🤖 AI Summary
Existing multimodal relevance evaluation metrics are limited to bimodal settings and fail to capture higher-order (≥3) joint correlations, thereby compromising the accuracy and fairness of multimodal similarity modeling. To address this, we propose MAJORScore—the first unified relevance evaluation framework for N-modal (N ≥ 3) data. It leverages a pretrained contrastive learning model to construct a shared multimodal joint representation space, enabling cross-modal consistency modeling. Its core innovation lies in mapping heterogeneous modalities into a common latent space to directly quantify high-order joint relevance. Experiments demonstrate that MAJORScore improves scores by 26.03%–64.29% under modality-consistent conditions and reduces them by 13.28%–20.54% under inconsistency—significantly enhancing reliability and discriminative power. As a scalable, standardized benchmark, MAJORScore supports robust evaluation of large-scale multimodal datasets and models.
📝 Abstract
The multimodal relevance metric is usually borrowed from the embedding ability of pretrained contrastive learning models for bimodal data, which is used to evaluate the correlation between cross-modal data (e.g., CLIP).
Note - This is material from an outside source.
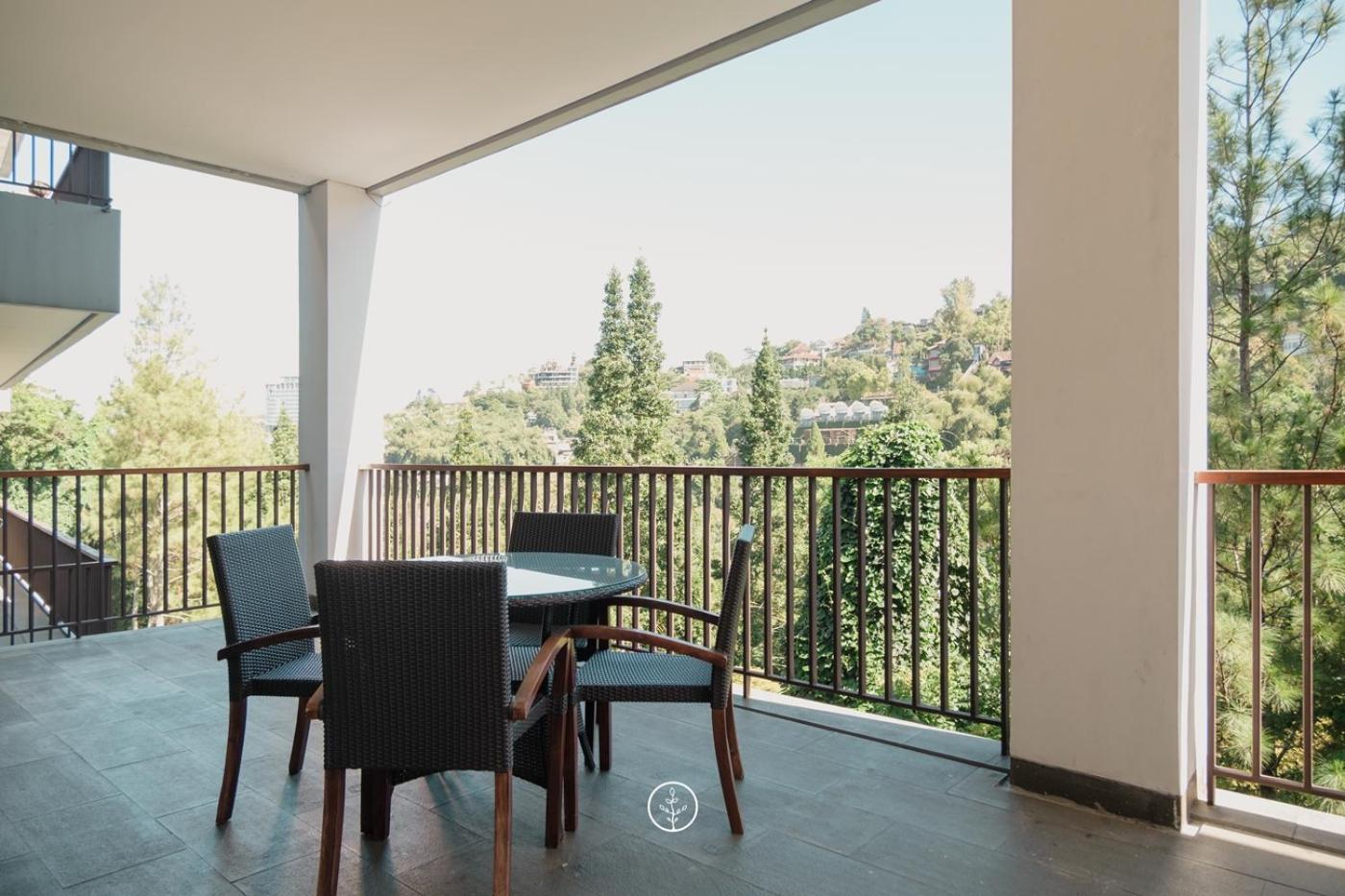 Narwastu Hill View Villa 6 Bedrooms With A Private Swimming Pool Bandung Exterior foto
However, the commonly used evaluation metrics are only suitable for the associated analysis between two modalities, which greatly limits the evaluation of multimodal similarity. Herein, we propose MAJORScore, a brand-new evaluation metric for the relevance of multiple modalities (N modalities, N>=3) via multimodal joint representation for the first time. The ability of multimodal joint representation to integrate multiple modalities into the same latent space can accurately represent different modalities at one scale, providing support for fair relevance scoring. Extensive experiments have shown that MAJORScore increases by 26.03%-64.29% for consistent modality and decreases by 13.28%-20.54% for inconsistence compared to existing methods. MAJORScore serves as a more reliable metric for evaluating similarity on large-scale multimodal datasets and multimodal model performance evaluation.